The remap is transparent to the driver: clients send and receive empty statement names just as they would against a vanilla PostgreSQL.

PgBouncer (1.21+) and Odyssey support prepared statements in transaction mode, but only for named statements. They forward anonymous Parse unchanged. PgDoorman's extra behaviour is the anonymous remap. Cache bounds, LRU, TTL, and observability keep that remap controlled under dynamic SQL.

What gets faster

Anonymous Parse caching removes repeated work from hot parameterised query paths:

  • the backend does not receive the same Parse on every reuse of an already known query shape;
  • PostgreSQL can use a prepared statement already created on that backend connection;
  • different clients in the same pool share one pool-level entry instead of warming the same query independently;
  • on a server-cache hit, PgDoorman synthesizes ParseComplete without a PostgreSQL round-trip.
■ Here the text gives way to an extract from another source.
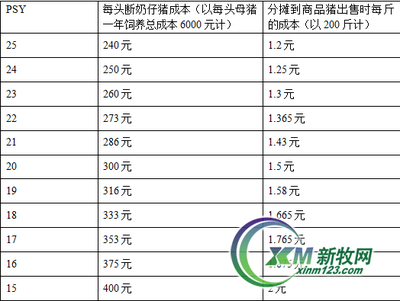 每出栏100头猪利润多少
This is primarily a performance optimization for OLTP workloads with repeated query shapes. Cache caps, TTL, and the interner exist so the speedup does not become unbounded memory growth in the pooler or on PostgreSQL backends.

The PostgreSQL baseline

A Parse message carries a statement name. An empty name means anonymous, anything else means named:

                          Lifetime in PG          Plan caching
  ─────────────────────   ─────────────────       ─────────────────────
  Anonymous (name="")     Until next anonymous    No named registry
                          Parse or session end    entry; each new
                                                   unnamed Parse plans
  Named (name="stmt_42")  Until Close /           Starts with custom
                          DEALLOCATE /            plans; may switch to
                          session end             a generic plan after
                                                   5 custom executions

Most modern drivers default to anonymous for one-shot parameterised queries: lib/pq (Go), libpq PQexecParams (C), some flows in pgjdbc and psycopg. The application code looks identical to a parameterised named-statement query, but the wire protocol carries an empty name.

Why this is a problem for transaction-mode pooling

Transaction pooling rotates a backend among many clients. If the pooler forwards the empty Parse name as-is, every client's Bind runs against a backend that has no plan cached for that query. Hot OLTP paths pay the planner cost on every call.

Named prepared statements solve planner performance, but they push the bookkeeping problem onto the pooler:

  • The pooler must remember each client's named statements until the client disconnects, even if the pool-level shared cache evicts the entry.
  • On every Bind, it must verify the current backend knows the name and re-Parse otherwise.
  • On client disconnect, it must issue Close or DEALLOCATE to the right backend.
  • Drivers that mint per-query names (stmt_<seq>) compound the per-client cache size: hundreds of entries per client times tens of thousands of clients.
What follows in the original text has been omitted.